Antiguamente se delimitaba la ciencia a lo observable, todo lo demás era religión. La búsqueda de vida extraterrestre precisa de ambos mundos: hay que creer más de lo que se ve. Carl Jung lo llevó al extremo y tras estudiar el fenómeno ovni concluyó que estos existían en la misma medida que existen los fantasmas: si la gente los ve es porque necesita verlos. Recogiendo la pregunta del físico Enrico Fermi —¿dónde están? — llegó a dos alternativas.
A) En el mejor de los casos los platillos no eran sino representaciones simbólicas, no tripuladas, de nuestro desamparo cósmico. B) En el peor de los casos, si es que los extraterrestres realmente existían, nosotros no les despertábamos mayor interés que una leve curiosidad, vecina de la vergüenza ajena.
Stephen Hawking, la mente detrás del descubrimiento de las singularidades espacio-temporales, se suma ahora a la iniciativa privada de un millonario ruso de Internet para buscar vida extraterrestre. El cerebro de Hawking podrá ver en la oscuridad. El dinero hará posibles telescopios. Cuentan con un fondo de 100 millones de dólares. Es el equivalente al precio aproximado de todas las nalgas juntas de las hermanas Kardashian, según monto del contrato firmado por cuatro temporadas más de su vida al aire para beneplácito de una audiencia global. Más nos vale que existan marcianos.
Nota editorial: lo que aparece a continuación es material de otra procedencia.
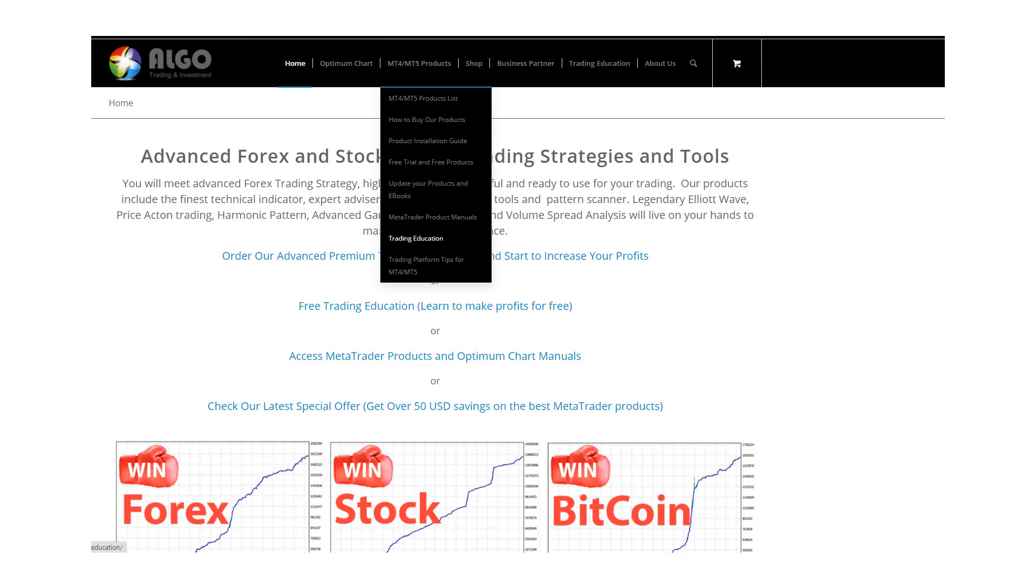The detailed trading strategy for the breakout signal can be found on the education page in our website.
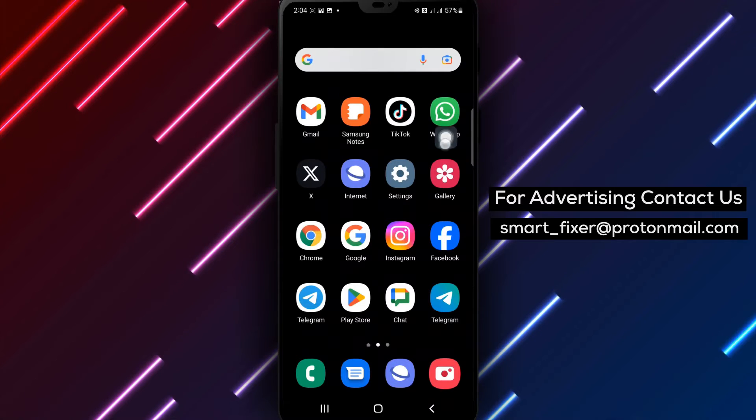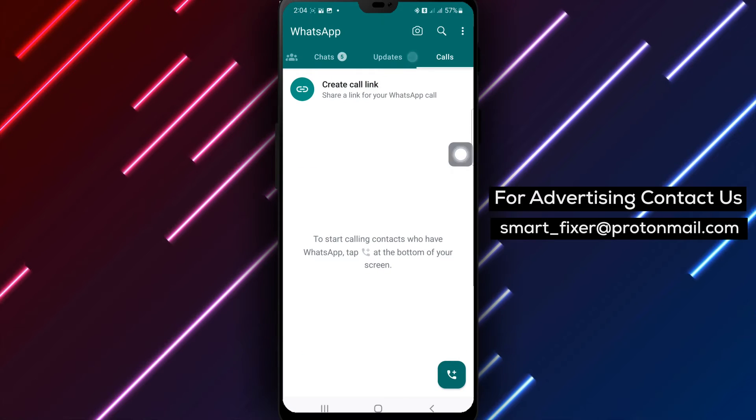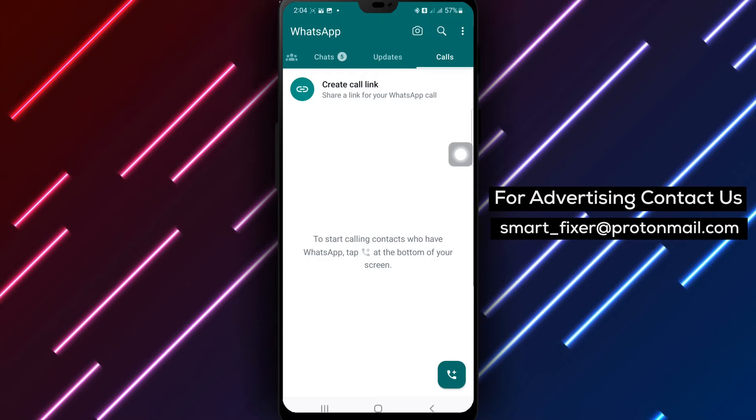Step 1. Open WhatsApp on your Android device and ensure that you're logged into your account.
1. Canción original de Neil Sedaka que el dúo The Captain and Tennille hicieran famosa. A propósito del tema aquí tratado, esto es extraño: https://tinyurl.com/por69nf 2. Seudónimo de José Rosciano, ufólogo peruano vinculado a los años aurorales y nobles del Instituto Peruano de Relaciones Interplanetarias (IPRI), fundado por Carlos Paz. De sus entrañas nacería ese parásito nefasto llamado Grupo Rama. 3. Aplíquese a todo a manera de higiene filosófica.